• WORK TO COMPLETE: The number of lines containing the word "Picture" is all you should give; count them in the records below.

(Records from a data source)
┌──

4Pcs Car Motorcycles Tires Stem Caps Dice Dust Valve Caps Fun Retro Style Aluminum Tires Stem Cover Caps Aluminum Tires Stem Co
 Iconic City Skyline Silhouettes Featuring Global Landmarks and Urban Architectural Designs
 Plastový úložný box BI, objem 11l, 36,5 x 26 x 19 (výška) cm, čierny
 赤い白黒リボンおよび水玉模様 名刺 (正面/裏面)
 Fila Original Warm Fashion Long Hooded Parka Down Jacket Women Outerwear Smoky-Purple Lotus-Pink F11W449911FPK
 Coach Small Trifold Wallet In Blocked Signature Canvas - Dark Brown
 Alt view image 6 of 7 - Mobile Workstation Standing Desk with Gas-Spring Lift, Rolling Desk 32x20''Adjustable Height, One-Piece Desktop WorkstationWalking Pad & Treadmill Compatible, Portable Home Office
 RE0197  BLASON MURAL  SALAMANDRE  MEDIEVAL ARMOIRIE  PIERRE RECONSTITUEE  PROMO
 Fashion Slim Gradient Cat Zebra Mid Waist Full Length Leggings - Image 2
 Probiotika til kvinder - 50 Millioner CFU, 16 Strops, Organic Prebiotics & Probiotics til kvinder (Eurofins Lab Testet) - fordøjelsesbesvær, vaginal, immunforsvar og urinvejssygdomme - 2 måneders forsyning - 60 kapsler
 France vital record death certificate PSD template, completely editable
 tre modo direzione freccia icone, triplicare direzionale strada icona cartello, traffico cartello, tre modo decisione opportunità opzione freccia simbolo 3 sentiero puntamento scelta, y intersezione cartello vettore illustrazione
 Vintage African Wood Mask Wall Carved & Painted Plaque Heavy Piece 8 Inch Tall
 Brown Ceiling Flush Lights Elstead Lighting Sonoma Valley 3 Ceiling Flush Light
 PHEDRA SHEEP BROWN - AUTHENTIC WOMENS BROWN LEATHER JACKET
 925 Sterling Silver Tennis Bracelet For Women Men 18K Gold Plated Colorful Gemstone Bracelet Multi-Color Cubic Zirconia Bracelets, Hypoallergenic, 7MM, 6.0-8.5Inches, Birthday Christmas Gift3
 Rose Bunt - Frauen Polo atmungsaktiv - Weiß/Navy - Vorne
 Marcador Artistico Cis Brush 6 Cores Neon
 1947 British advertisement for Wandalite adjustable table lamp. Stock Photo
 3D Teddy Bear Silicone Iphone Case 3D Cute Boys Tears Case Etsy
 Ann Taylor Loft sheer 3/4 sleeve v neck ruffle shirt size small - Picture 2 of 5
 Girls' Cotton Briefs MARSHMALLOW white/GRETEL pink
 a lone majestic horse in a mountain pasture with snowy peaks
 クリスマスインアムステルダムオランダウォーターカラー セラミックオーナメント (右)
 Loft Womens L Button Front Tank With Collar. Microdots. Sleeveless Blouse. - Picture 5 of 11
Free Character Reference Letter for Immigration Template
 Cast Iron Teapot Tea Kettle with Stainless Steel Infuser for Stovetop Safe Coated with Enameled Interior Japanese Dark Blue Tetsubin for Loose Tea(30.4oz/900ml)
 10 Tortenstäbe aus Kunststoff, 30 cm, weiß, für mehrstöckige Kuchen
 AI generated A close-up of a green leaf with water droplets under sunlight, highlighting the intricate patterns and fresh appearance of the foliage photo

└──

• ANSWER: 2